Task brief: Exclude images, then output the remaining data verbatim.

Records for this exercise:

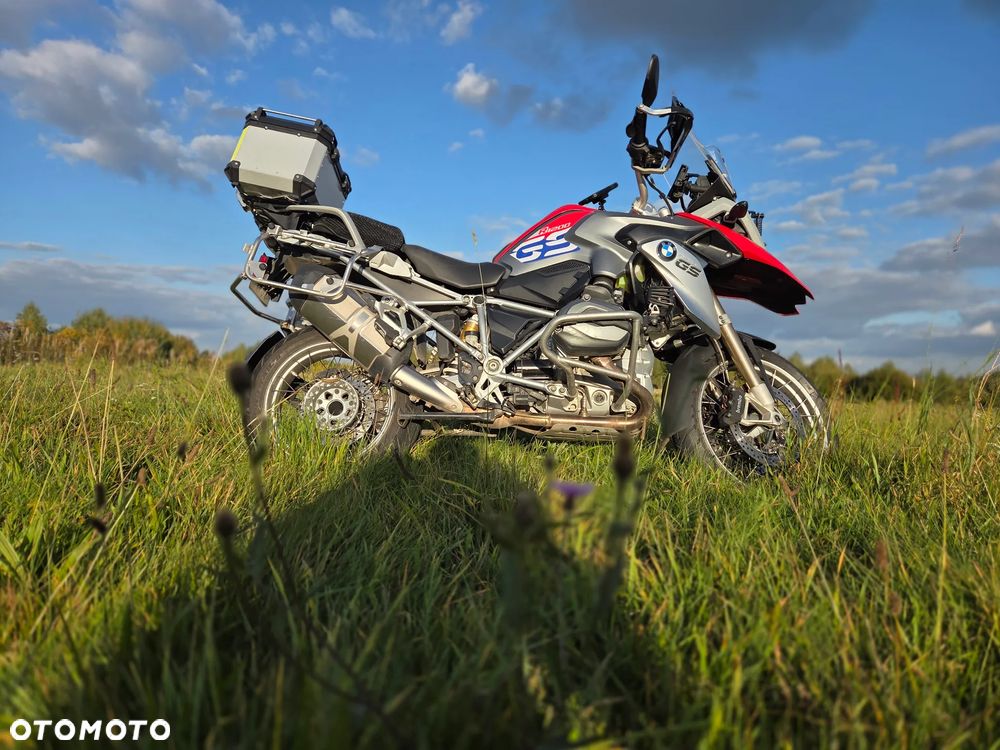 BMW GS - 14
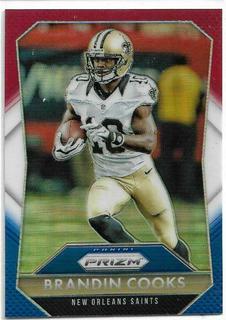 Brandin Cooks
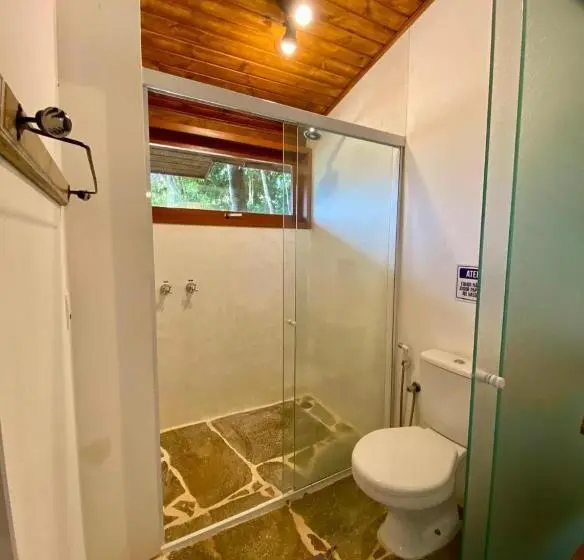マウンテンビュースタンダードルーム, Pousada Varandas Da Mantiqueira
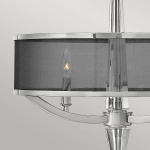 Lampa wisząca Ascher – 3 źródła światła QN-ASCHER-3P Elstead Lighting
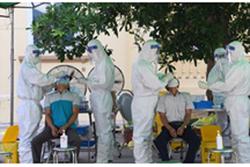 Kiến nghị tiếp tục nới lỏng quy định cách ly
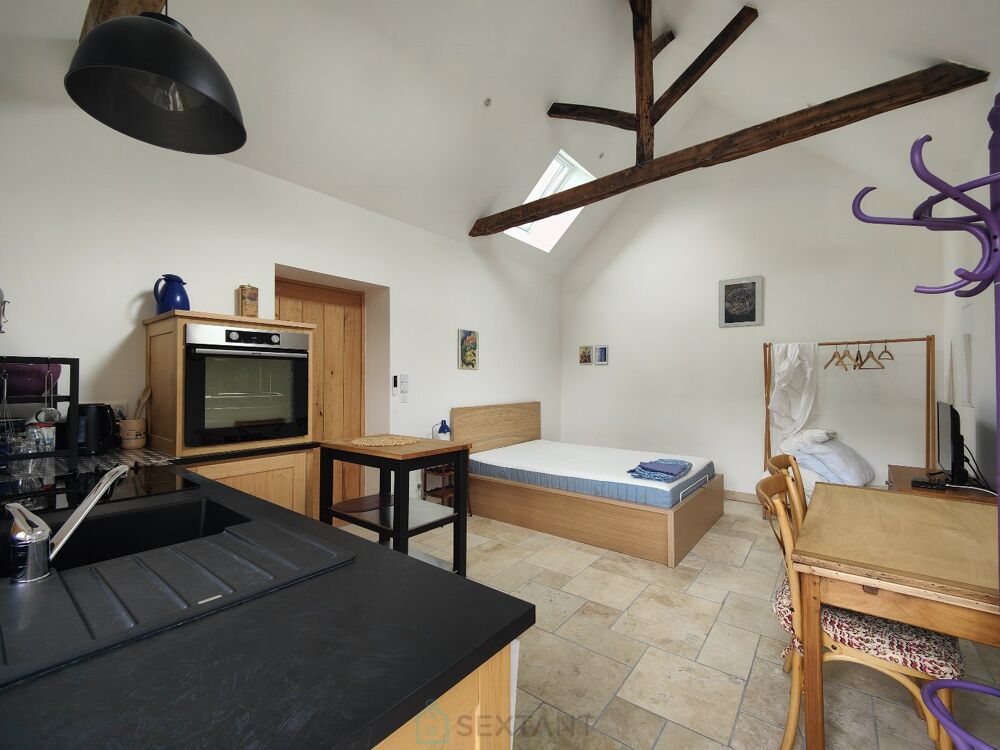 � vendre  Villa Ch�teau-la-Valli�re (37330)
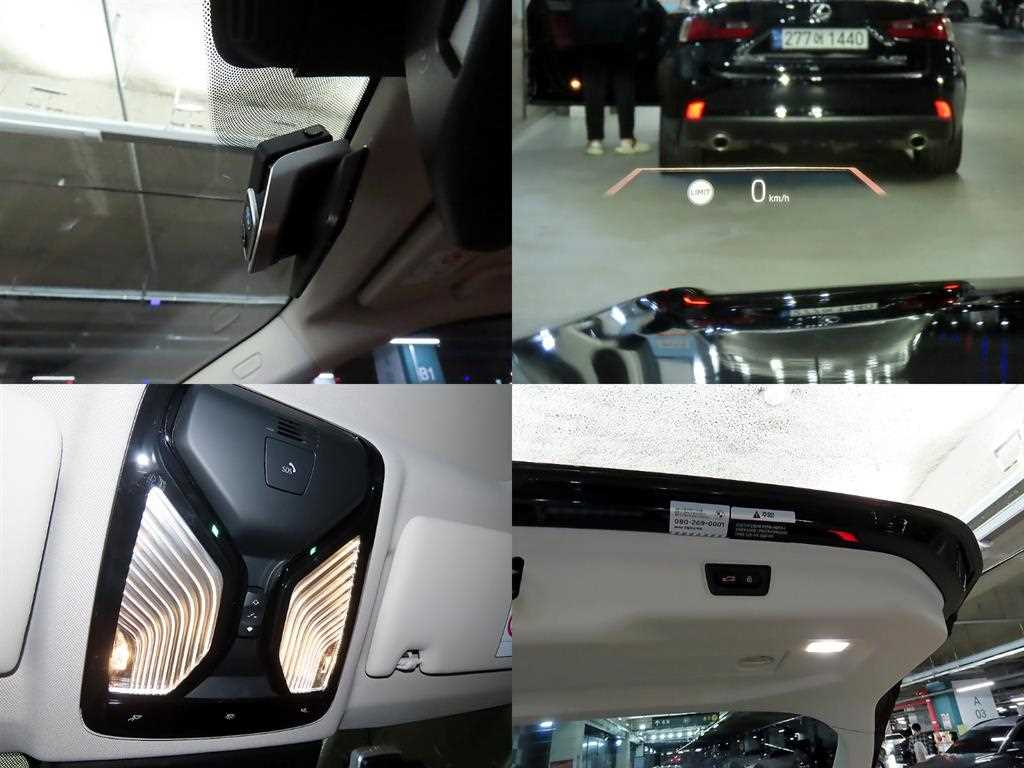 BMW 3 series 2025 Negro - Importación desde Corea - HF Imports Iquique - Foto 18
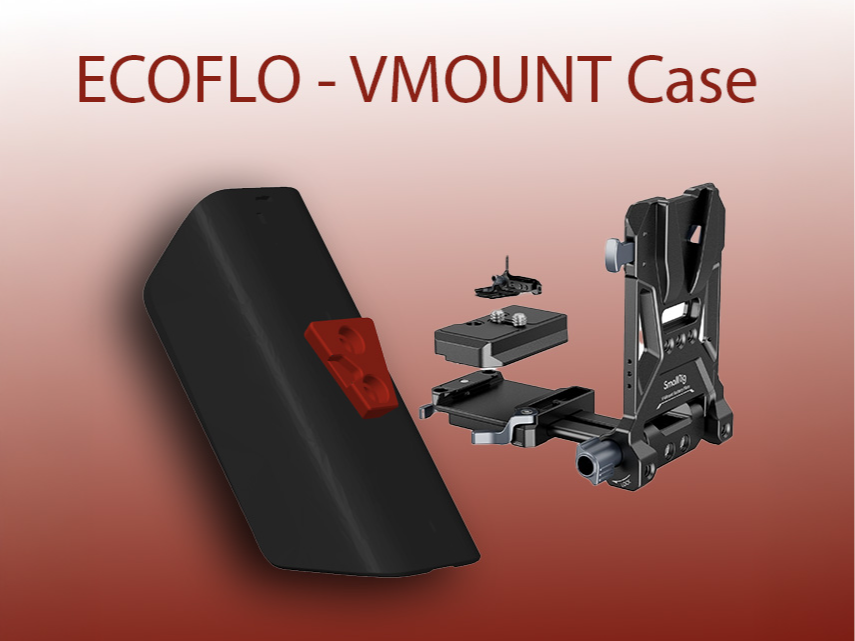 ECOFLOW - Vmount Case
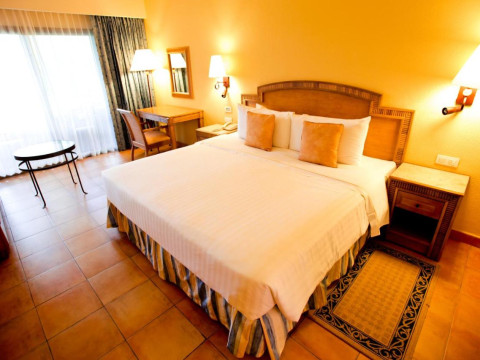 Barcelo Maya Tropical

Solved problem:
 BMW GS - 14
 Brandin Cooks
マウンテンビュースタンダードルーム, Pousada Varandas Da Mantiqueira
 Lampa wisząca Ascher – 3 źródła światła QN-ASCHER-3P Elstead Lighting
 Kiến nghị tiếp tục nới lỏng quy định cách ly
 � vendre  Villa Ch�teau-la-Valli�re (37330)
 BMW 3 series 2025 Negro - Importación desde Corea - HF Imports Iquique - Foto 18
 ECOFLOW - Vmount Case
 Barcelo Maya Tropical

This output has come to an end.